→ **Task details**
Reproduce the full listing as it stands. Images do not belong in the copy.
Top of Provided material
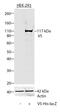 V5 epitope tag antibody, R961-25, Invitrogen Antibodies, Western Blot image 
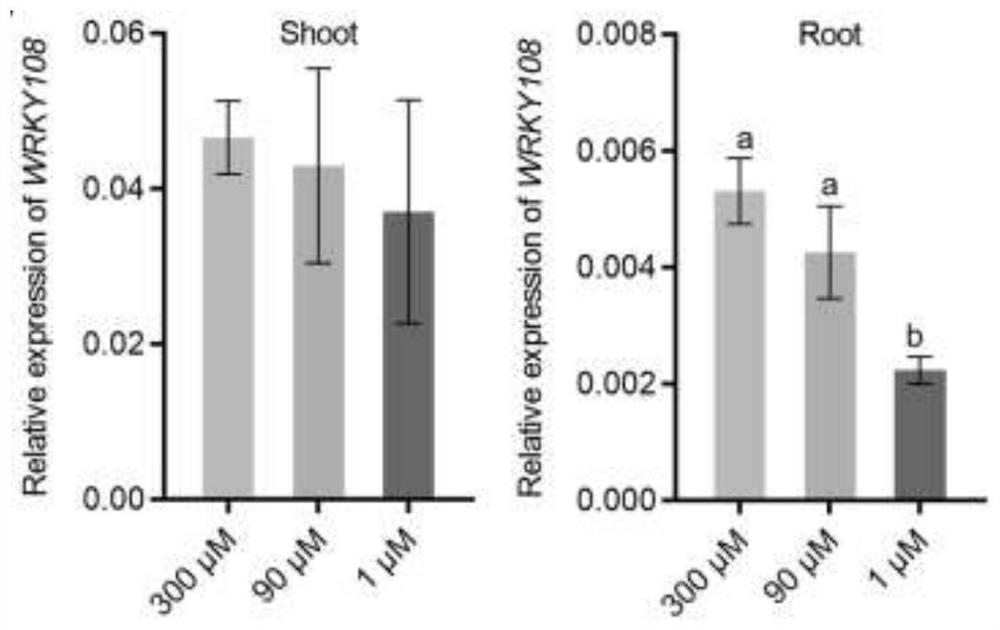 Applications of two WRKY transcription factor genes in rice and encoded proteins thereof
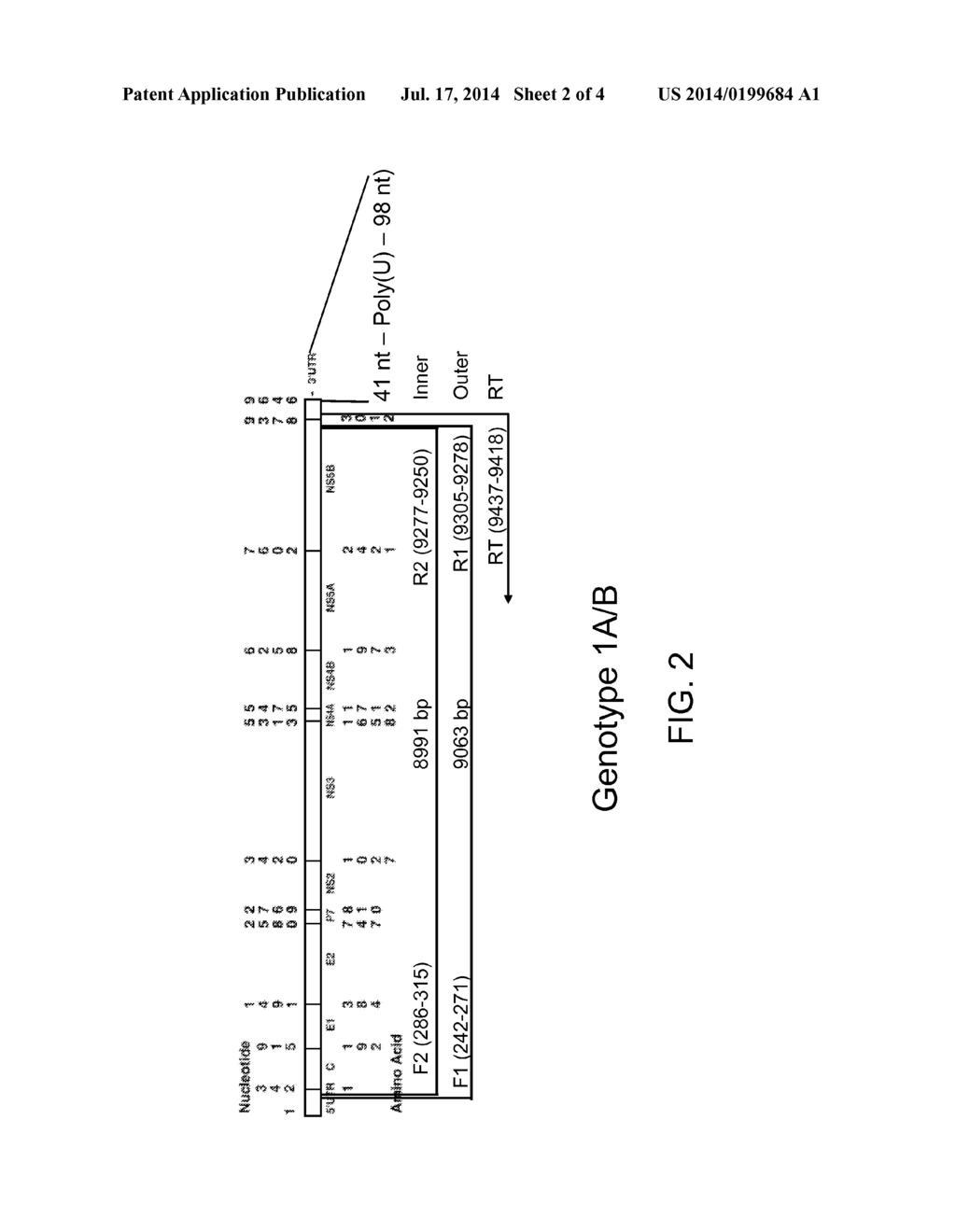 METHODS FOR AMPLIFYING HEPATITIS C VIRUS NUCLEIC ACIDS - diagram, schematic, and image 03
Bottom of Provided material
→ **Answer box**
 V5 epitope tag antibody, R961-25, Invitrogen Antibodies, Western Blot image 
 Applications of two WRKY transcription factor genes in rice and encoded proteins thereof
 METHODS FOR AMPLIFYING HEPATITIS C VIRUS NUCLEIC ACIDS - diagram, schematic, and image 03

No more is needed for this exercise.